[[ Dataset excerpts open ]]
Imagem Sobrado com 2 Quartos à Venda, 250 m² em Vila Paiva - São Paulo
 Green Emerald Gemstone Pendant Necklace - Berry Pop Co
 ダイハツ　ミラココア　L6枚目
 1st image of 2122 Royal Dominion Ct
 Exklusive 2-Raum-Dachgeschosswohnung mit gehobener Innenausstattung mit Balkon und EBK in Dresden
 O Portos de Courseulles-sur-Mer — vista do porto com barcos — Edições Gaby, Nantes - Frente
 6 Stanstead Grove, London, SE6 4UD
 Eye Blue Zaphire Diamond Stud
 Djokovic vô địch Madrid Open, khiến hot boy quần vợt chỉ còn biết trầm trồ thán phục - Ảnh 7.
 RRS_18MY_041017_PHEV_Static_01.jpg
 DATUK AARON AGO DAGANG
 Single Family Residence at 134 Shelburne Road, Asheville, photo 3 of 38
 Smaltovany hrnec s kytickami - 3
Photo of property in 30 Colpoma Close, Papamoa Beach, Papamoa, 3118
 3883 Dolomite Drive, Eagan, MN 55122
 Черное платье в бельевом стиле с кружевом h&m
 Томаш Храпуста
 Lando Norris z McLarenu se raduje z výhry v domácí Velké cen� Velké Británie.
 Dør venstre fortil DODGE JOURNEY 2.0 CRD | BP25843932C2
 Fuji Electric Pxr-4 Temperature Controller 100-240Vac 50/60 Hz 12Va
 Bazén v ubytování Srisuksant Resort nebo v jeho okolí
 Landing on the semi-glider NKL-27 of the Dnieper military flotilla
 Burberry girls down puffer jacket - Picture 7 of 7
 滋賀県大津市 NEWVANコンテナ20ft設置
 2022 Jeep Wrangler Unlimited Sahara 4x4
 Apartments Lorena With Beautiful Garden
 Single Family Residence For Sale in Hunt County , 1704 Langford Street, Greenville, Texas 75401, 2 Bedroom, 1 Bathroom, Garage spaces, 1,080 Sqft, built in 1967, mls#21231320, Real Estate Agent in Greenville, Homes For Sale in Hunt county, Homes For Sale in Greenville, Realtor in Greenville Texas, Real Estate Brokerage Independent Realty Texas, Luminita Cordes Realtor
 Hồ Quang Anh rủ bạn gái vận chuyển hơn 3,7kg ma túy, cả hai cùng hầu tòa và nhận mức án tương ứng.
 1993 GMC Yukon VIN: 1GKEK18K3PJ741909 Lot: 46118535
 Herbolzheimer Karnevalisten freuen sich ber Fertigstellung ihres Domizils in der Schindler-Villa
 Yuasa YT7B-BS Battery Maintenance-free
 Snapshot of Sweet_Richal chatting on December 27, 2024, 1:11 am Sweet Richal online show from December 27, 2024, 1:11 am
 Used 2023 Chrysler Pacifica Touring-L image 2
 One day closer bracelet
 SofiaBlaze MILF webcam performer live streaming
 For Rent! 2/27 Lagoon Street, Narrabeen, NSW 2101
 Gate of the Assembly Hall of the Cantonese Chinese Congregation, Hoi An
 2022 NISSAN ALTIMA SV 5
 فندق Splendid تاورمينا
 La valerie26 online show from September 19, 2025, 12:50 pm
[[ Dataset excerpts closed ]]
_Problem requirements:_
When a line in the records above holds "show", that line is to be reported.

_Task output:_
 Snapshot of Sweet_Richal chatting on December 27, 2024, 1:11 am Sweet Richal online show from December 27, 2024, 1:11 am
 La valerie26 online show from September 19, 2025, 12:50 pm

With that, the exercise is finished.